# First step in pipeline
# Get probabilities of podcasts which you want to find segments and topics of
**Load HDBSCAN and t-SNE models and find probabilities for all sentences in a document. The output of this file will be used in the segmentation**

In [1]:
import os
import pickle
import hdbscan
import numpy as np
import pandas as pd
from openTSNE import TSNE
from bertopic import BERTopic
from sklearn.decomposition import PCA
from sentence_transformers import SentenceTransformer

In [2]:
# load PCA class object
with open('../Thesis/Final_models/pca_model_word100.pkl', 'rb') as inp:
    PCA_model = pickle.load(inp)

In [3]:
1-sum(PCA_model.explained_variance_ratio_)

0.24606509894744488

In [4]:
# load t-SNE class object
with open('../Thesis/Final_models/tsne_data_word100.pkl', 'rb') as inp:
    tsne_data = pickle.load(inp)

In [5]:
# loop through all of the annotated transcripts and save dim reduced vectors
directory = '../Thesis/annotated_transcripts_input'

for dirpath, _, files in os.walk(directory):
    for file in files:
        episode_id = file.split('_')[0]
        path = os.path.join(dirpath, file)
        with open(path, errors='replace') as f: 
            prediction_documents = pd.read_csv(f)
            docs = prediction_documents.transcript_subset

            # embedd
            sentence_model = SentenceTransformer("all-MiniLM-L6-v2")
            embedded_sentences = sentence_model.encode(docs)

            # reduce dimensions with PCA and t-SNE
            PCA_data = PCA_model.transform(embedded_sentences)
            print(f"{1-sum(PCA_model.explained_variance_ratio_):.2%} of the variance has been removed by PCA for transcript {episode_id}")
            tsne_prediction = tsne_data.transform(PCA_data)
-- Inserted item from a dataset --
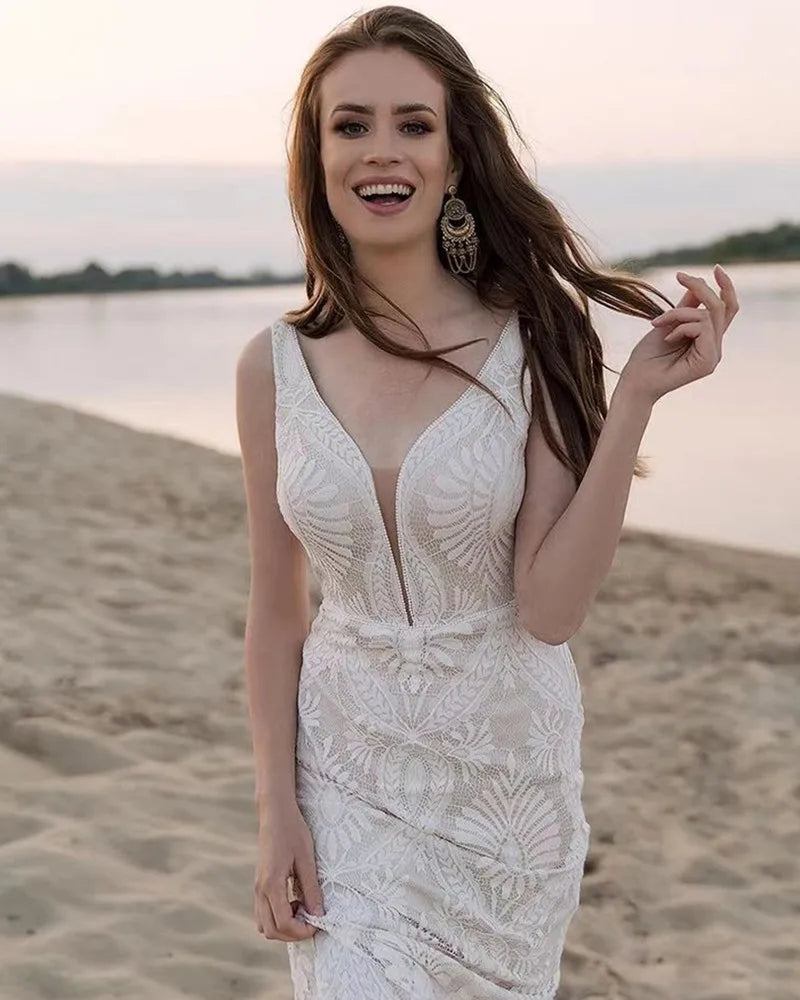 13508# Chic Spaghetti Straps V-Neck Sleeveless Backless Mermaid Lace Simple Bohemian Beach Wedding Dress Bridal Gown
            # Write transcripts to files
            save_path = '../Thesis/annotated_dimreduced/'
            name_of_file = f'dimreduced_word100_{episode_id}.npy'
            complete_path = os.path.join(save_path, name_of_file)
            np.save(complete_path, tsne_prediction)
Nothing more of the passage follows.